— Assignment —
Find "Womens Snow White" below and begin at its line; stop after the line with "Cookies & Cream Oreo Cupcake". Output those lines exactly, without pictures.

— Records shown —
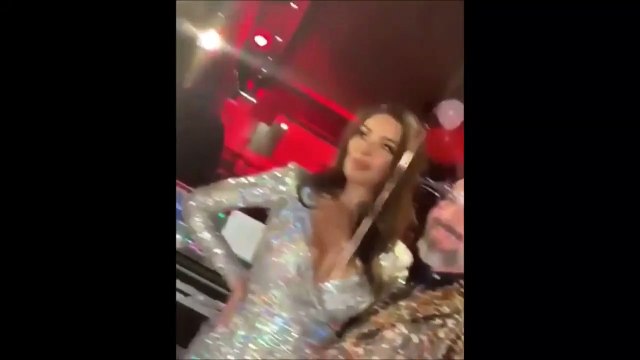 نادين نسيب نجيم بإطلالة مذهلة في حدث للمكياج في باريس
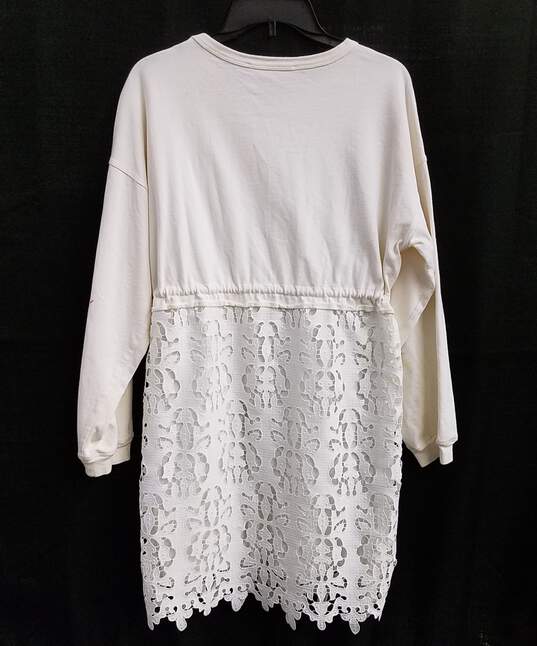 Womens Snow White Lace Cotton Long Sleeve Crew Neck Mini Dress Size Small image number 2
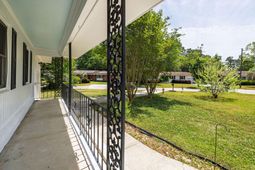 18 Carson Drive photo 4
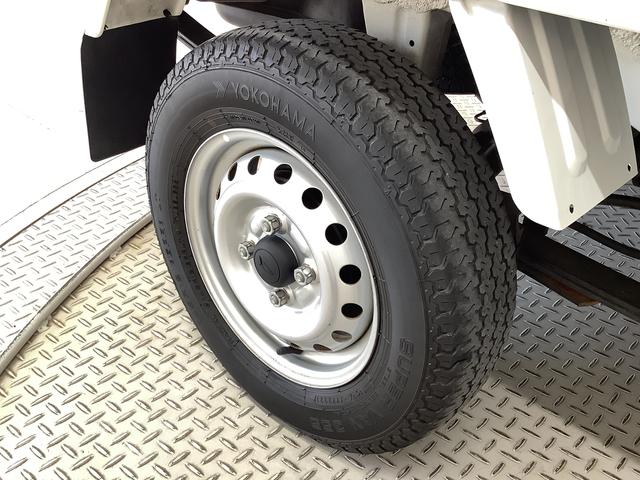 ハイゼットトラックスタンダード　５ＭＴ　バックソナー　ＬＥＤヘッドライト走行無制限１年保証　バックソナー　ＭＴ車　３方開　ゲートプロテクター　ＬＥＤヘッドライト　横滑り防止装置　オートライト　ドアバイザー　ヘッドライトレベライザー　マニュアルエアコン　スマートアシスト（兵庫県）の中古車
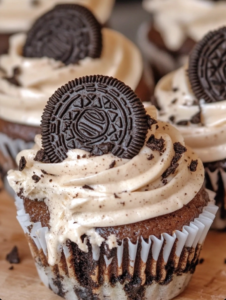 Cookies & Cream Oreo Cupcake
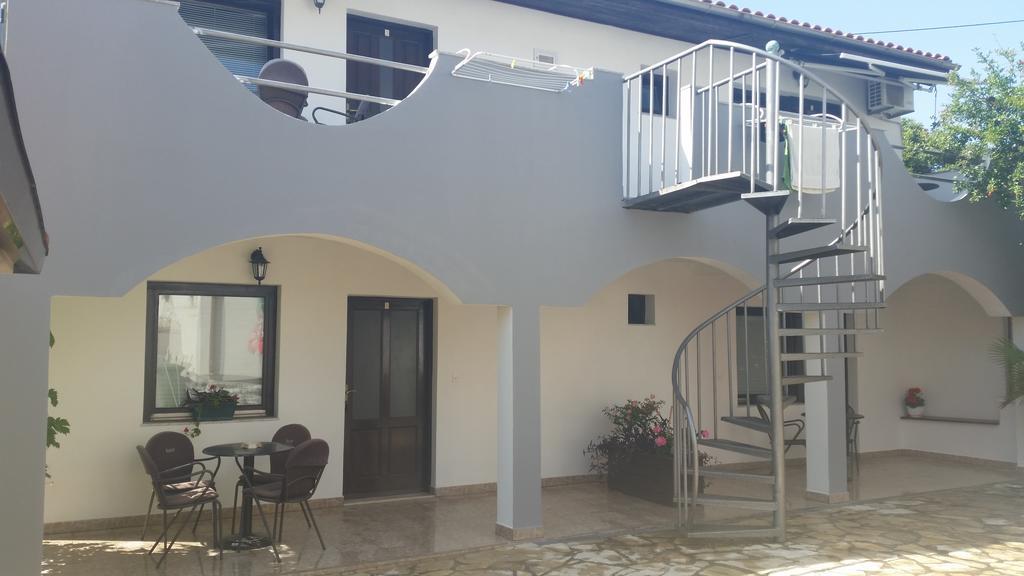 Apartments Lola Biograd Na Moru Dış mekan fotoğraf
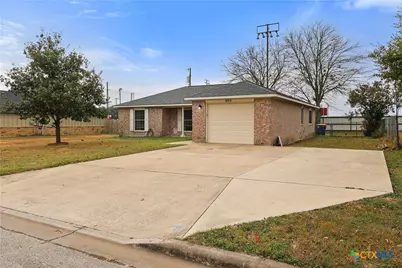 605 Aikman Drive, Troy, TX 76579 - Photo 2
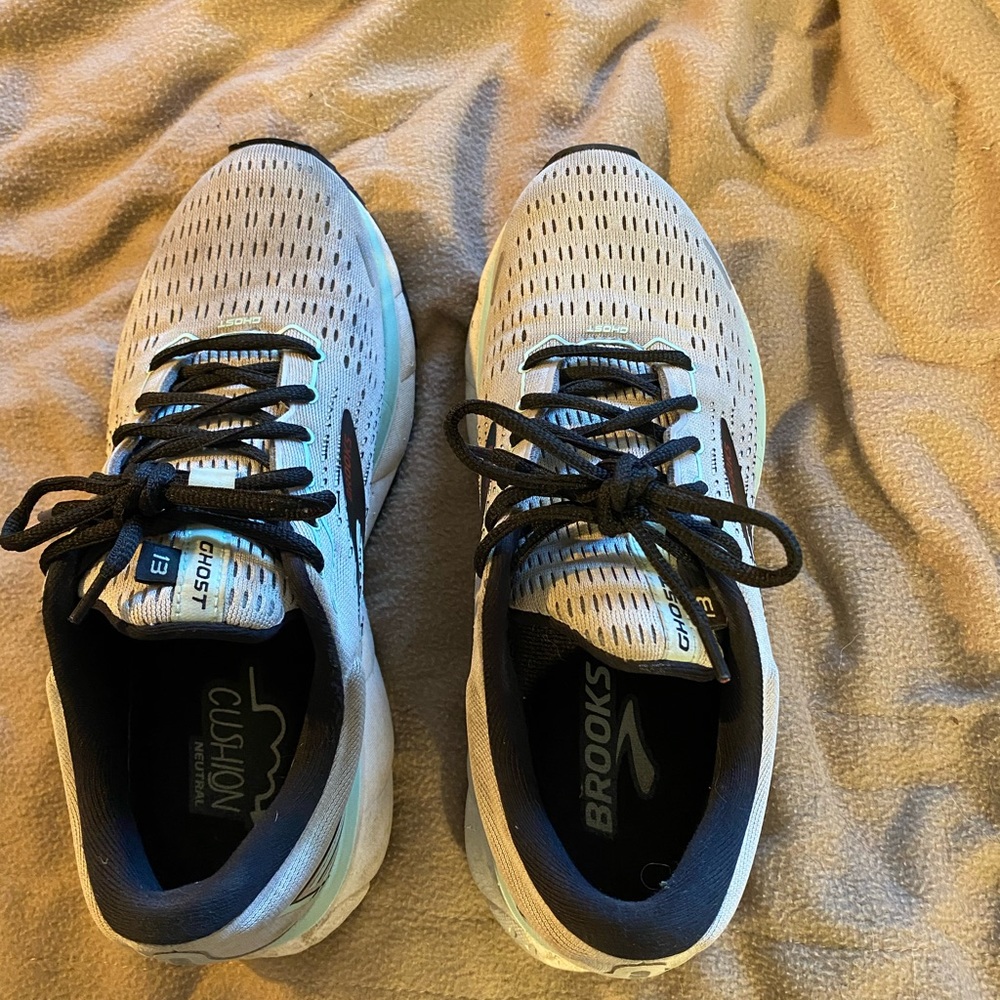 Tennis shoes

— Answer section —
 Womens Snow White Lace Cotton Long Sleeve Crew Neck Mini Dress Size Small image number 2
 18 Carson Drive photo 4
 ハイゼットトラックスタンダード　５ＭＴ　バックソナー　ＬＥＤヘッドライト走行無制限１年保証　バックソナー　ＭＴ車　３方開　ゲートプロテクター　ＬＥＤヘッドライト　横滑り防止装置　オートライト　ドアバイザー　ヘッドライトレベライザー　マニュアルエアコン　スマートアシスト（兵庫県）の中古車
 Cookies & Cream Oreo Cupcake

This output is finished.